Each of the defendants was found guilty of conspiracy. Brooks was found guilty of 22 counts each of false reporting and wire fraud. Walton was found guilty of 11 counts each of false reporting and wire fraud. And Phillips was found guilty on 10 counts of false reporting and wire fraud.

The wire fraud counts carry a maximum penalty of five years in prison and/or a $250,000 fine (or twice the amount of the loss). The false reporting counts carry a maximum penalty of five years in prison and/or a $500,000 fine. The conspiracy count carries a possible five-year prison sentence. Sentencing is scheduled for 10 a.m. CST May 23. The defendants remain free on bond pending sentencing.

“With these convictions, we have enforced and will continue to enforce the laws and regulations which govern the way people do business in the marketplace,” said U.S. Attorney Don DeGabrielle.

Kevin Colby, a juror who contacted NGI after the verdict was rendered, said he and fellow jurors had a difficult time deciding to convict the defendants of both false reporting and wire fraud.

“By the definitions of False Reporting and Wire Fraud the only additional burden of wire fraud is that the fraud be to obtain “Money, Property or other things of Value,” Colby explained in an e-mail to NGI. “By reporting their positions, [the traders] were benefiting El Paso’s financial bottom line. This sealed the deal on wire fraud. There was much discussion and we tried very hard to find a way to not convict on both. In the end the verdict shows a direct 1 to 1 relationship.”
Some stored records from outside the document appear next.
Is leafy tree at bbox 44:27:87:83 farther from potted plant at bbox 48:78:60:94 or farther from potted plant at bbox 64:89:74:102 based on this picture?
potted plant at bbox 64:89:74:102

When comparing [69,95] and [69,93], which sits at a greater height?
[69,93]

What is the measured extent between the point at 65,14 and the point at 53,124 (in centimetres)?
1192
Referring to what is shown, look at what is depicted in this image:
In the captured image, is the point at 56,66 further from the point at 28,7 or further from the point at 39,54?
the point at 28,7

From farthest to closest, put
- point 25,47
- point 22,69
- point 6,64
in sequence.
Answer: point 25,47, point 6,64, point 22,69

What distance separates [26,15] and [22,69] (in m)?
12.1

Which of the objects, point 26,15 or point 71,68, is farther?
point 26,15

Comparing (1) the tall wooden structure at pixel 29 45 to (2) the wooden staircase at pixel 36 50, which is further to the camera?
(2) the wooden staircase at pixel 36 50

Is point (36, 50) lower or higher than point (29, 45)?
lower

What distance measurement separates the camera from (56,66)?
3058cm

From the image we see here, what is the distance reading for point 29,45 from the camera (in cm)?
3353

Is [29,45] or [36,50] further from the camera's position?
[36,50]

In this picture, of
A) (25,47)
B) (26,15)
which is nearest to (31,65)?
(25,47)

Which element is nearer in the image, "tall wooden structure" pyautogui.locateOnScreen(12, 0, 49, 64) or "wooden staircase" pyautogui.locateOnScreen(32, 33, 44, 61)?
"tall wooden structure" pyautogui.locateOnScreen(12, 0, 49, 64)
The trial of the El Paso traders was similar in some ways to the earlier trial of former Dynegy Inc. trader Michelle Valencia and former El Paso trader Greg Singleton. But after four weeks of testimony and two days of deliberation, jurors rendered a split verdict (see NGI, Aug. 7, 2006). Valencia was convicted on seven counts of wire fraud. Singleton was convicted on one count of wire fraud. Neither was convicted on multiple charges of reporting false data to trade publications Inside FERC’s Gas Market Report and Natural Gas Intelligence. The split verdict in the Valencia-Singleton trial was puzzling to the lawyers involved. Sentencing of Valencia and Singleton is still pending.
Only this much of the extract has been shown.